In case anyone else is curious, this works quite well with the N360. It's around 85% of the rohloff cable pull (unscientific measurement based on using just under 12 of 14 "gears").


----------



## No Skid Marks (Mar 10, 2010)

So does the Rohloff pull more cable? Do you have to twist less to change more? I don't like how the Nuvinci shifter has to move lots to shift little.


----------



## davidfrench (Jan 25, 2011)

tlupfer: do you have pics?
thanks


----------



## GTR-33 (Sep 25, 2008)

Drew Diller said:


> Sure it could work - dual cable pull, right? But, you lose the infinitely variable appeal of the NuVinci doing that. Rohloff shifters are indexed.


Rohloff indexing is in the hub. Shifter freely turns when not attached.


----------



## big_papa_nuts (Mar 29, 2010)

I actually had a few long conversations about the Nuvinci shifter recently. One with an engineer friend of mine where we designed a trigger shifter and electronic road brifter. And one with my Nuvinci rep, where we actually talked about the first conversation. 

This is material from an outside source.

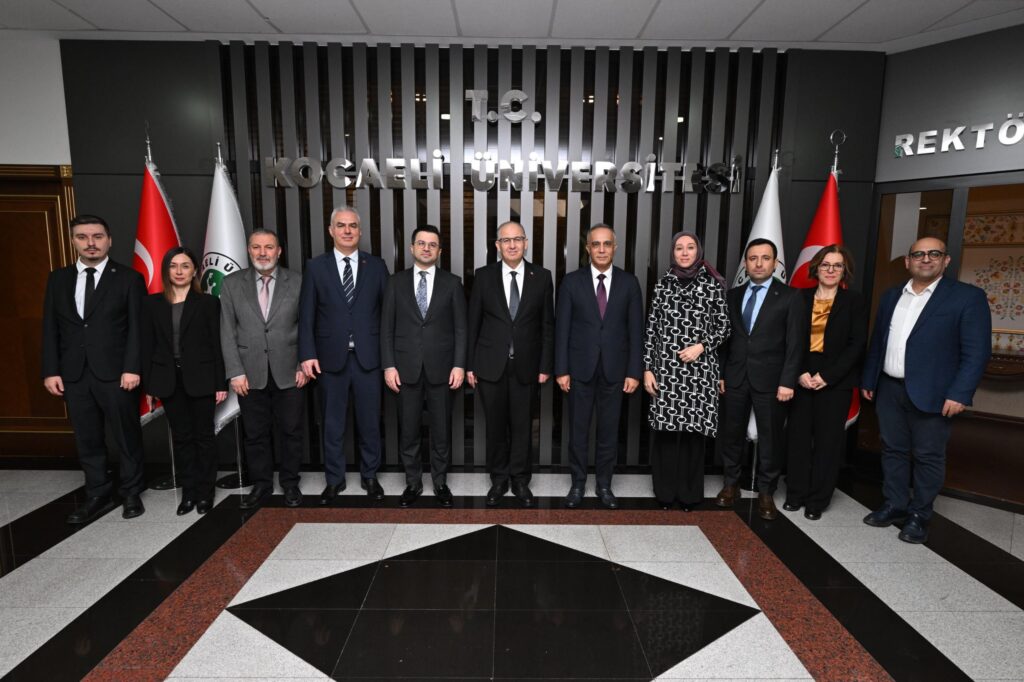 HEAŞ ve Kocaeli Üniversitesi’nden Stratejik İş Birliği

Long story short Nuvinci is working on a new shifter. It sounds like it's just going to be a slimmed down twist shifter. They aren't against a trigger shifter but my rep was telling me that they would rather just develop stuff and then try to find a market rather then develop stuff for the demand. He did say that if a company came to them with a big order and wanted a different style shifter they would be willing to come up with some stuff. He also said hey are willing to provide tech specs to anyone that wants to try to make something.


----------



## No Skid Marks (Mar 10, 2010)

No Skid Marks said:


> So does the Rohloff pull more cable? Do you have to twist less to change more? I don't like how the Nuvinci shifter has to move lots to shift little.


Anyone know?
Why the hate for Grip Shift from most people? I think it's arguably better for gearbox use as you aren't limited by how many gears you can shift at once like a mech. So multi shifts are easier with grip possibly than triggers.
I'll have to try a grip shift on my Alfine 8 too see. The Zerode modified Sram trigger is pretty good though. Can change enough gears in one hit for DH usage.


----------



## meepsonwheels (Apr 27, 2014)

No Skid Marks said:


> Anyone know?
> Why the hate for Grip Shift from most people?

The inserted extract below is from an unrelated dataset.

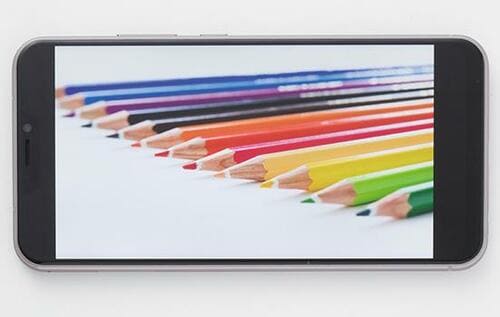 【総評A】ASUS ZenFone 5Zは派手でメリハリある絵作り イメージ2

I don't think it's necessarily grip shifters, but the incredibly cheesy design with the giant plastic indicator that Nuvinci makes. I'm currently considering getting one, but this is a huge turn-off for me.


----------



## Agwan (Feb 16, 2011)

Has anyone thought to try and build something like a Pauls Thumbie barcon? I imagine the standard downtube shifter and a Nuvinci have vastly different throws. but I wonder how different. as in, would a travel agent get it in the ball park? or would the entire barcon need to be made?

seems that kind of shifter lends itself to the indexless idea. you'd need actual numbers to even know if such an idea was remotely possible.


----------